ABOUT THIS EXERCISE: The entries below contain pictures, which are to be left out; write out exactly, and only, the lines from the line with "Investigan supuesta red que trafica plazas en Pemex Investigan" up to and including the line with "Commercial properties for".
*** Opening of LISTED RECORDS ***
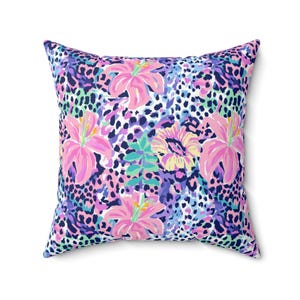 Preppy tropische luipaard, sierkussen, kussen met dierenprint, kussen roze luipaard, kussen tropische bloemen, decoratie kust glamour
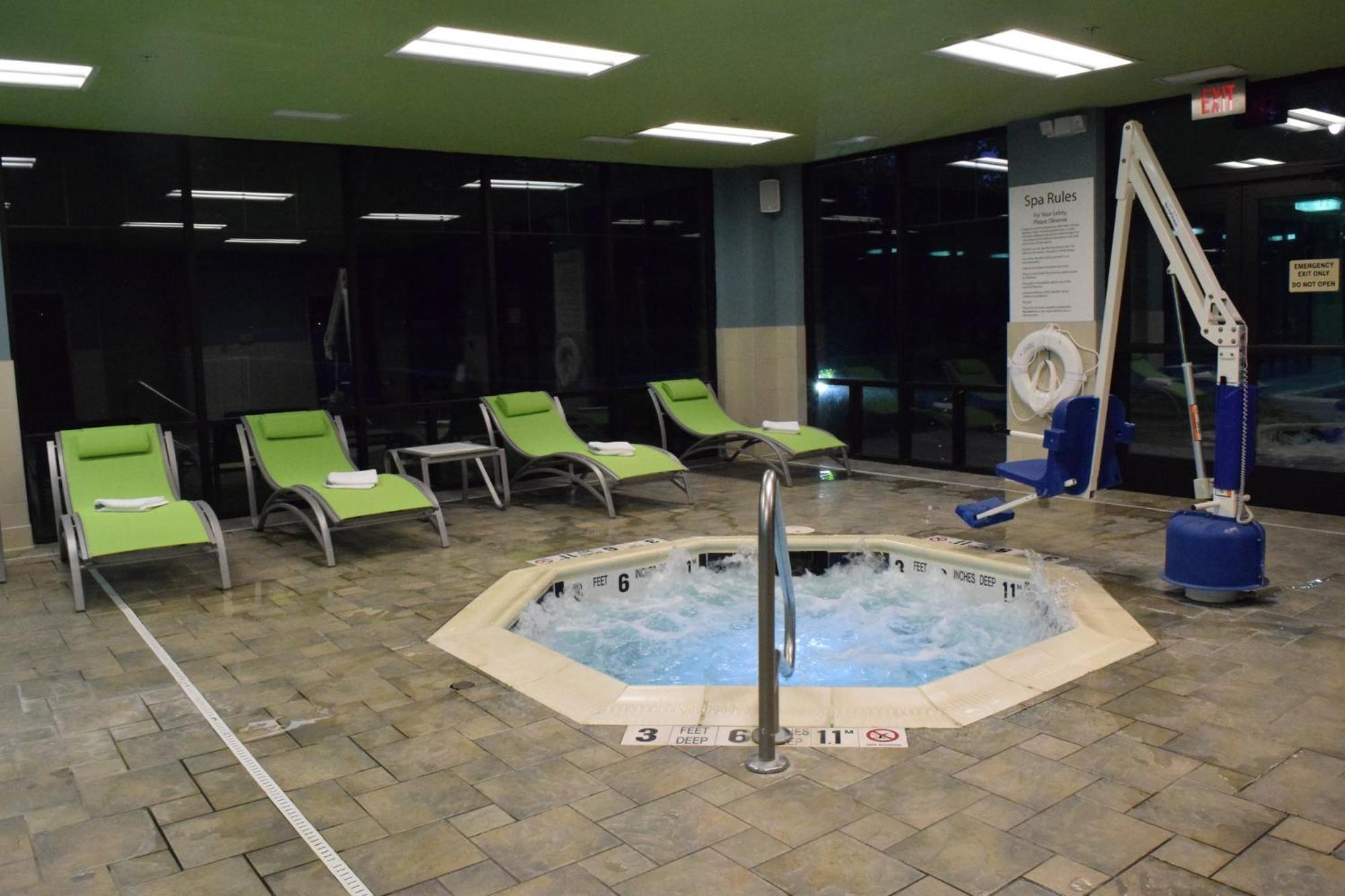 Holiday Inn Express Hotel & Suites Rochester Webster By Ihg Экстерьер фото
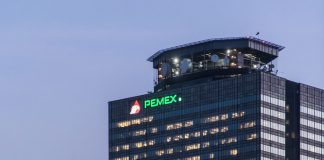 Investigan supuesta red que trafica plazas en Pemex Investigan supuesta red que trafica plazas en Pemex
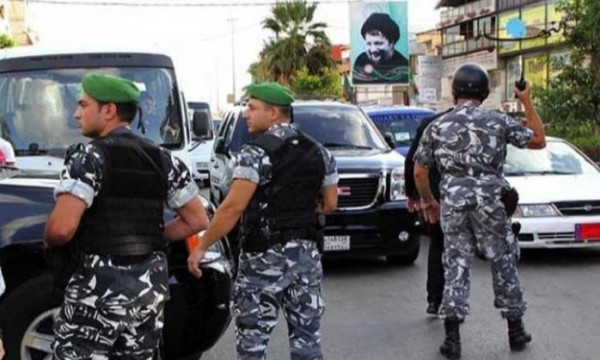 شاهد: لحظة إطلاق لبناني النار على زوجته أمام طفلهما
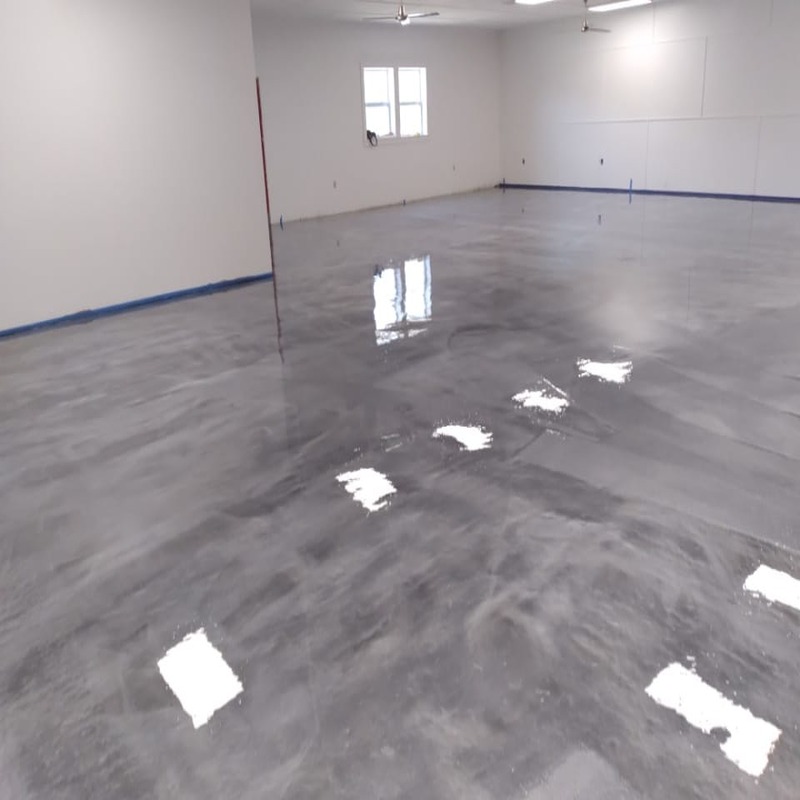 HyperREZ Epoxy Distribution Center- Clear Epoxy with Metallic Pigment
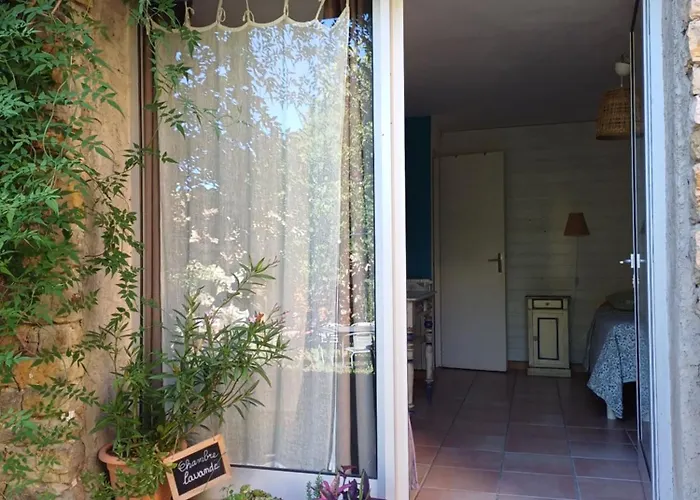 Nocleg ze śniadaniem Dans Ferme Provencale Ongles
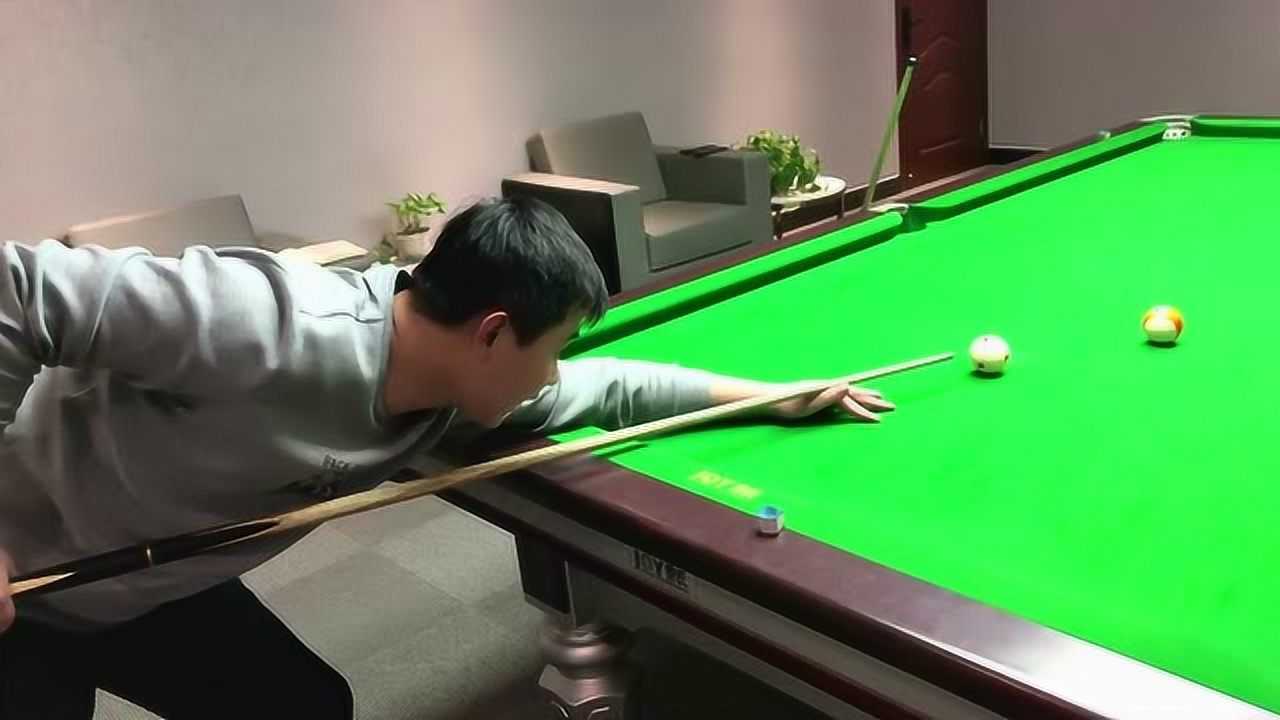 教你打台球的正确姿势和架杆手势!_腾讯视频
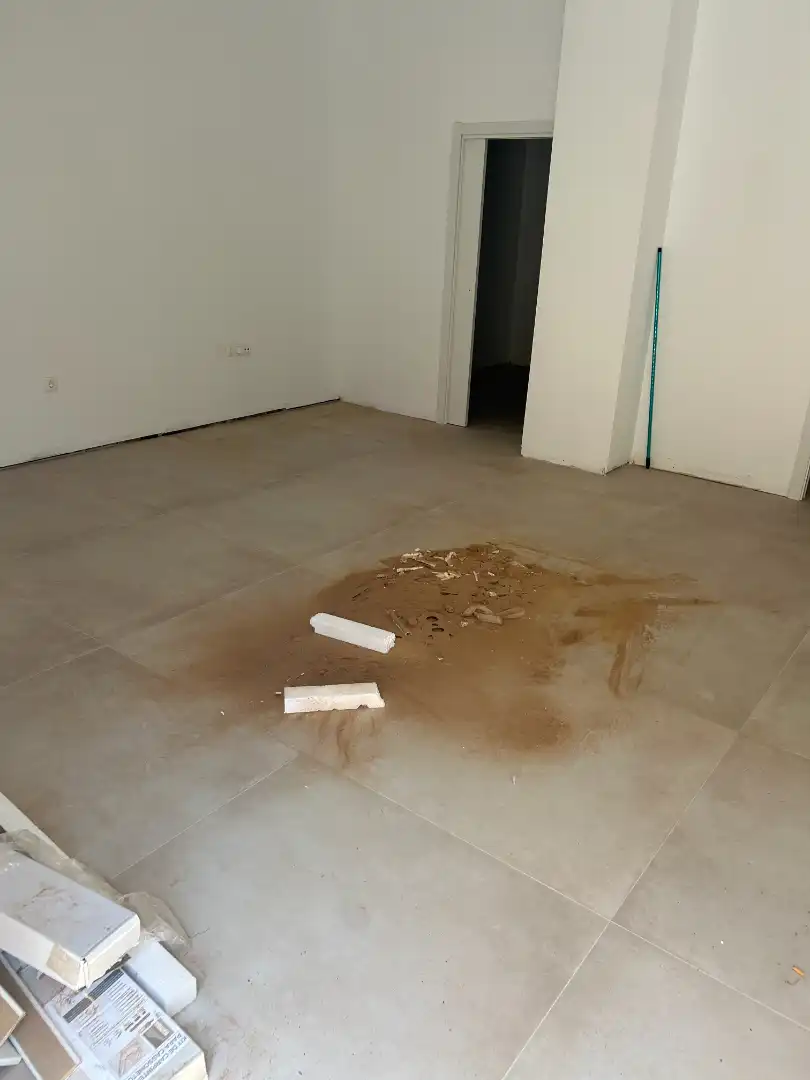 Commercial properties for sale in Vélez-Málaga  with Air Conditioner and Heating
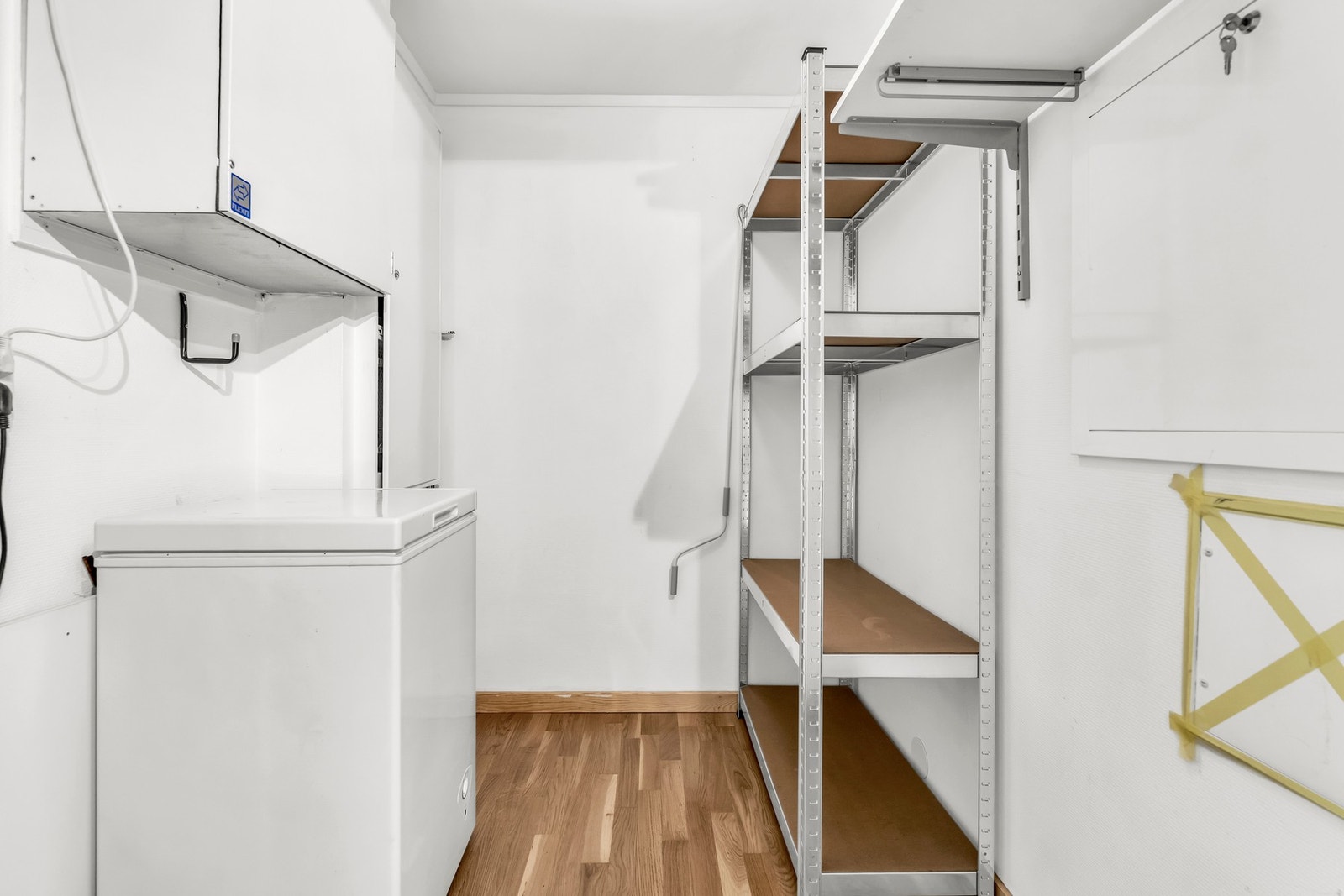 Stor innvendig bod med lagringsplass. I tillegg har man tilgang til utvendig bod Galleribilde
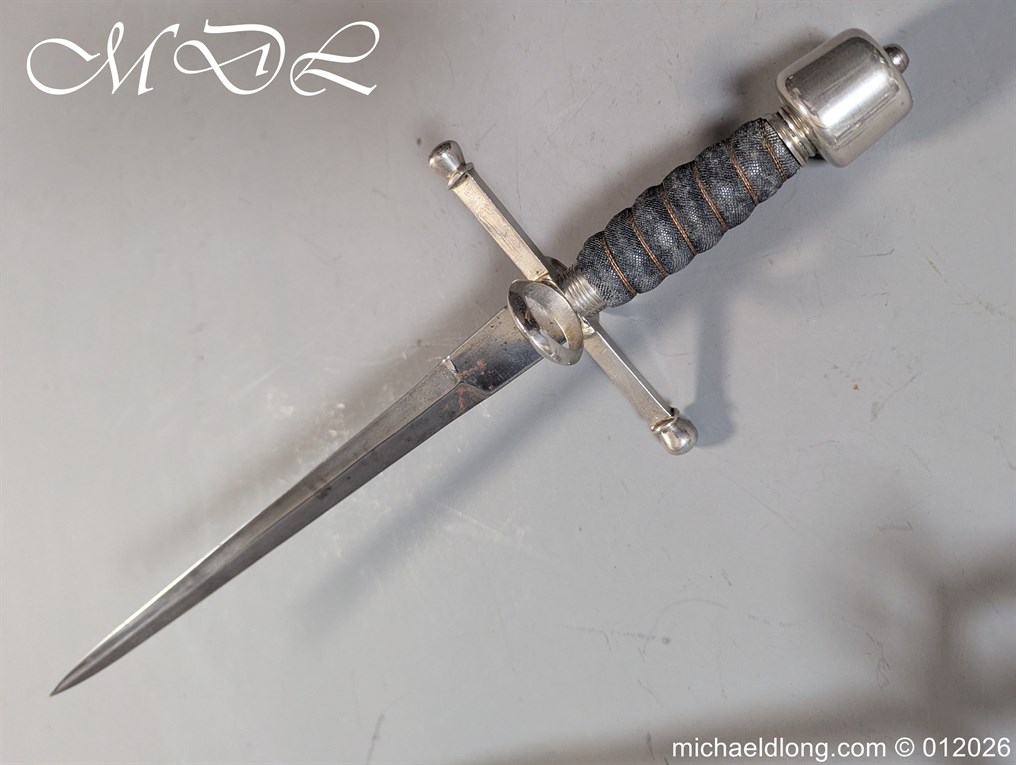 Italian Swept Hilt Rapier and Ensuite Dagger - Image 21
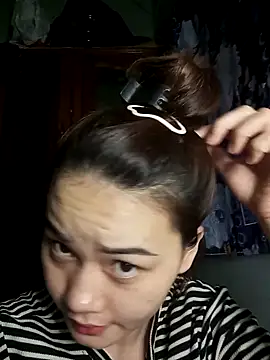 Snapshot of Ngoc-Trinh chatting on 03.15.25 Ngoc-Trinh online show from 03.15.25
*** Close of LISTED RECORDS ***
FINAL ANSWER:
 Investigan supuesta red que trafica plazas en Pemex Investigan supuesta red que trafica plazas en Pemex
 شاهد: لحظة إطلاق لبناني النار على زوجته أمام طفلهما
 HyperREZ Epoxy Distribution Center- Clear Epoxy with Metallic Pigment
 Nocleg ze śniadaniem Dans Ferme Provencale Ongles
 教你打台球的正确姿势和架杆手势!_腾讯视频
 Commercial properties for sale in Vélez-Málaga  with Air Conditioner and Heating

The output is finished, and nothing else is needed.